Mata Lica diselubungi oleh lapisan bening, ia menggenggam erat lengan Dave yang melingkar di bahunya. Air liur makhluk tersebut menetes yang menimbulkan gejolak tak enak di perut Lica. Beberapa menit berlalu begitu saja, dengan keheningan yang mencekam. Makhluk-makhluk itu masih belum beranjak dari tempatnya.

Namun sedetik kemudian, sorot mata Lica tertangkap oleh salah satu dari makhluk itu. Suara geraman terdengar jelas. Bulu kuduk LIca berdiri dan seketika tubuh Lica menegang. Dave yang merasakan gelagat aneh dari Lica, akhirnya ikut melihat ke mana arah pandang Lica. Dan Dave tahu jelas, apa sebabnya. Makhluk itu berjalan perlahan mendekat ke arah semak-semak. Dengan kuku-kuku panjangnya mengarah tepat ke semak-semak di hadapannya. Dan…

SREEKKK!!!

“LIca!!” LIca tersentak dari lamunannya, ia mengalihkan pandangannya dari gelapnya hutan yang terlihat dari jendela besar di hadapannya menjadi ke arah meja kayu di sudut ruangan ini.
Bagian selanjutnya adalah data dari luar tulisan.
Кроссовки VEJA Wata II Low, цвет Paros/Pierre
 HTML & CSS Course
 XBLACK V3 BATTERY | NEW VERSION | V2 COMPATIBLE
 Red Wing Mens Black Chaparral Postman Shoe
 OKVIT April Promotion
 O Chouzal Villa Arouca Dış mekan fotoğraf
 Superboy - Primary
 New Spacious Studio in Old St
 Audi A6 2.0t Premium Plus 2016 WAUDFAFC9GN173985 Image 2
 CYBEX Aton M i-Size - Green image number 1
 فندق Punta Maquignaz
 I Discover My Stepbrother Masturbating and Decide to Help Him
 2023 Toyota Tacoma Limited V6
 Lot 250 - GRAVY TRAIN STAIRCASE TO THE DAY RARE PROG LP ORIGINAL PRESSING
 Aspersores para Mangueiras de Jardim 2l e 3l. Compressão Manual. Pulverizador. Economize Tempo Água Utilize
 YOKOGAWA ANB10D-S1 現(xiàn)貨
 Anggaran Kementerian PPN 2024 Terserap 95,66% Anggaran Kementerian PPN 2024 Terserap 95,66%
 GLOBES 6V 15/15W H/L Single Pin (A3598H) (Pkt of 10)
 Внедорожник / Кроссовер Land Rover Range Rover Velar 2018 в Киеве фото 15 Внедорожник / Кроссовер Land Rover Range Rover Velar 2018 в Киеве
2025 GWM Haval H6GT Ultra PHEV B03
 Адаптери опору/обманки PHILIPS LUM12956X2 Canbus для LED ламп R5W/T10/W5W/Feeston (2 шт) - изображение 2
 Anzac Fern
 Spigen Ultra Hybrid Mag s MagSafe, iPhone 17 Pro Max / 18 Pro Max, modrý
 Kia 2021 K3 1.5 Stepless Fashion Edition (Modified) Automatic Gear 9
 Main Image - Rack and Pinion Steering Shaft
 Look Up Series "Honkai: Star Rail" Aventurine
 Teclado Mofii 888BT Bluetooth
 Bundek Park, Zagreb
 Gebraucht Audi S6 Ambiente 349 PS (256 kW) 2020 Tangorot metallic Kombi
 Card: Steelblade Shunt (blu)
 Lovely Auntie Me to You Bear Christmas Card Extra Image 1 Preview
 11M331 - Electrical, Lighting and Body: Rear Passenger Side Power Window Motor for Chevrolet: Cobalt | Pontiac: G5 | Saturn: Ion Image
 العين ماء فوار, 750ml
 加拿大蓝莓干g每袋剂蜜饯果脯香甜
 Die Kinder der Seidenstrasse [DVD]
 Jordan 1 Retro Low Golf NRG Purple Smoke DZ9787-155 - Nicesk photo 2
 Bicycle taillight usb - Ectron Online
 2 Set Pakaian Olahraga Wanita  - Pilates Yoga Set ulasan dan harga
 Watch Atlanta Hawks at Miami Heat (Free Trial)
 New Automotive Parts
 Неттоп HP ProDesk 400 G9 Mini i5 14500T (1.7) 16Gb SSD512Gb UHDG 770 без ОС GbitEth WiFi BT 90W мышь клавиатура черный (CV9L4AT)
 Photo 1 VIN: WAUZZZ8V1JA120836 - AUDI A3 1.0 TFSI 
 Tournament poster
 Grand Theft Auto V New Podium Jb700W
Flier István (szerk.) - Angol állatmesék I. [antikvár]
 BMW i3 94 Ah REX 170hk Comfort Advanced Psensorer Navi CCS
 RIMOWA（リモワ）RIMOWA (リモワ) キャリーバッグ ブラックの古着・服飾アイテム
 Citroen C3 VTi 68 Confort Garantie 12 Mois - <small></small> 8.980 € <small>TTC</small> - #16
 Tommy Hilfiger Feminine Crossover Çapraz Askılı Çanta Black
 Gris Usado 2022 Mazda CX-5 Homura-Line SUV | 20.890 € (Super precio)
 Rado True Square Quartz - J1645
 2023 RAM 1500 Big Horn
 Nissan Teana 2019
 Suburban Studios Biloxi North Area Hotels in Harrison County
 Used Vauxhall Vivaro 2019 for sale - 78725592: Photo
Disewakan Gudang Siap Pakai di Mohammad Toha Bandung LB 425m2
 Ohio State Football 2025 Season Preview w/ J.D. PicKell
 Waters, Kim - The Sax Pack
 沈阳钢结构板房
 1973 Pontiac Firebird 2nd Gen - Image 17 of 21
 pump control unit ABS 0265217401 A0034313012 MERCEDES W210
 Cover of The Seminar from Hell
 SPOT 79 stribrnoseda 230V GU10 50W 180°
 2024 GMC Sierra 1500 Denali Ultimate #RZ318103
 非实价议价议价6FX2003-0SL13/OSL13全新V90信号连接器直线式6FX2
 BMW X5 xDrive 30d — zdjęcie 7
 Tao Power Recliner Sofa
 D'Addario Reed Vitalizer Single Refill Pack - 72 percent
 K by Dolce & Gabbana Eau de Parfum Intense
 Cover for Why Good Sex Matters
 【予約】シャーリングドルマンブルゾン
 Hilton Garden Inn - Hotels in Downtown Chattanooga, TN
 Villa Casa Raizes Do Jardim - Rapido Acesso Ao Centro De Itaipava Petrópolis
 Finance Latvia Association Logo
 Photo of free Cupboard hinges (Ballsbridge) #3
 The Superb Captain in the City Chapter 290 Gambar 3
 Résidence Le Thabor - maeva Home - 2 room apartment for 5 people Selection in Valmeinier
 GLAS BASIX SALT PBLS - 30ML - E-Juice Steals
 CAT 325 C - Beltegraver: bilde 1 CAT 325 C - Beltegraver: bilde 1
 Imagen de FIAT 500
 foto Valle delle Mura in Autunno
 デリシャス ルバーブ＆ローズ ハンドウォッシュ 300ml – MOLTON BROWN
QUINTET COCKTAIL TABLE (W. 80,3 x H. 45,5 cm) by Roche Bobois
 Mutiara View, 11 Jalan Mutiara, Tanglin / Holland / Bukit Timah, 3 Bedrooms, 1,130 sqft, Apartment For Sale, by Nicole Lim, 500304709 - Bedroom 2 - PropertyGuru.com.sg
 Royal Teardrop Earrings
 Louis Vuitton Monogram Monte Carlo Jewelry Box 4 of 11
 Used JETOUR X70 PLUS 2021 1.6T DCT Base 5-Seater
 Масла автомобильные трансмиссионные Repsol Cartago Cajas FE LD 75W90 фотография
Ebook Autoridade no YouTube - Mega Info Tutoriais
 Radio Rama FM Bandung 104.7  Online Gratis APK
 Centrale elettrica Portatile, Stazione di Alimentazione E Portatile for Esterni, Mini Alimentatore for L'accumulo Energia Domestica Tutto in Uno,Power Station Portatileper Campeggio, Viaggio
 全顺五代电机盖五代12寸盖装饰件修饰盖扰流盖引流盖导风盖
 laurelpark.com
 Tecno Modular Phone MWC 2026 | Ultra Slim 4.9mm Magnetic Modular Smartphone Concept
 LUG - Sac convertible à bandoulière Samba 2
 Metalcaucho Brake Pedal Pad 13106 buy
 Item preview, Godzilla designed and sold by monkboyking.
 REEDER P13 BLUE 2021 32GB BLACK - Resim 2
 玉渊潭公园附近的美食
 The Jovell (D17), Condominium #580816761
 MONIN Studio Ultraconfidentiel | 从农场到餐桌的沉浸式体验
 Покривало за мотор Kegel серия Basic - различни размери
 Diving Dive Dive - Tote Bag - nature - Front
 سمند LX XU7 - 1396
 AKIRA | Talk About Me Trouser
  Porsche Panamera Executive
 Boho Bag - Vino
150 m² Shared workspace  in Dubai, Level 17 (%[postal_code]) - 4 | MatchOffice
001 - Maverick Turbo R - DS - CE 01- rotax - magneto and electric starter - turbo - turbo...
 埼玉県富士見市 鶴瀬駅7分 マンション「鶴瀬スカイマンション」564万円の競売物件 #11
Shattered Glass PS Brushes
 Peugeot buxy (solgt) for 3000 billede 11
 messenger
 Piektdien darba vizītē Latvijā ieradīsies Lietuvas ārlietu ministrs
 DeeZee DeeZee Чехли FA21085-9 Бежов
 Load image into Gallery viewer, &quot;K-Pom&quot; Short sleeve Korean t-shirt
Bukan, bukan meja kayu yang menjadi perhatiannya, namun seorang pria yang berada di belakangnya.

Lica memutar matanya, kesal. “Dave, bisa tidak sekali saja tidak mengagetkanku?” ucap Lica.
Dave terkekeh, “Maaf, maaf, coba kamu lihat isi buku ini Lica.” tutur Dave seraya menyodorkan sebuah buku ke arah Lica.

Lica mengambilnya dan melihat isi dari buku itu. Buku itu berisi berbagai macam pembahasan tentang Blue Ocean Cannibals atau yang biasa dikenal dengan virus BOC. Ini bukan sembarang virus. Virus ini bisa mengubah manusia menjadi makhluk kanibal yang menjijikkan. Dan virus ini bersifat menular. Hanya terkena satu gigitan saja, sudah bisa mengubah manusia normal menjadi manusia kanibal.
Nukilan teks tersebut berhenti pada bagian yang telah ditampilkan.